Stored records:
◇ ◇ ◇ ◇
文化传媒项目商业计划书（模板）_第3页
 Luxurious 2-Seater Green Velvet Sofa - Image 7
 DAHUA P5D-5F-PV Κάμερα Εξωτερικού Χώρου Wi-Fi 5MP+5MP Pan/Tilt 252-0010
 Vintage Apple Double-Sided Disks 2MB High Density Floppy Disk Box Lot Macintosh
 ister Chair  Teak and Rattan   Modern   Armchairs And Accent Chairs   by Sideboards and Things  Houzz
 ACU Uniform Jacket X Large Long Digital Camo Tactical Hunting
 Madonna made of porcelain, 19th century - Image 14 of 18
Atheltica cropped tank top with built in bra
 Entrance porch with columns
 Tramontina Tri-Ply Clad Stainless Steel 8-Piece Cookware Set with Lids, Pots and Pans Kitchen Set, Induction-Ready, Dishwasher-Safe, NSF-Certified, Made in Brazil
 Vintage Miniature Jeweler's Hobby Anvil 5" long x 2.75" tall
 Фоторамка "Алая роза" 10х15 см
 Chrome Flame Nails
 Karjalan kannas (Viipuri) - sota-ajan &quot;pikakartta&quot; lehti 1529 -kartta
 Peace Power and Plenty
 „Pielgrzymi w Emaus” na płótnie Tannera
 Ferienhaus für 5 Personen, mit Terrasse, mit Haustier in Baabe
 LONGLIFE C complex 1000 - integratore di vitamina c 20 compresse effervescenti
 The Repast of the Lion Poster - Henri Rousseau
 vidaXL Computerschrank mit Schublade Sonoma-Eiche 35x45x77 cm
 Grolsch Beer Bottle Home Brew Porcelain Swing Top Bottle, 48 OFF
◇ ◇ ◇ ◇
* Work required *
From the records above, repeat exactly the lines from the one with "Peace Power and Plenty" through the one with "vidaXL Computerschrank mit", both included.

* Final answer *
 Peace Power and Plenty
 „Pielgrzymi w Emaus” na płótnie Tannera
 Ferienhaus für 5 Personen, mit Terrasse, mit Haustier in Baabe
 LONGLIFE C complex 1000 - integratore di vitamina c 20 compresse effervescenti
 The Repast of the Lion Poster - Henri Rousseau
 vidaXL Computerschrank mit Schublade Sonoma-Eiche 35x45x77 cm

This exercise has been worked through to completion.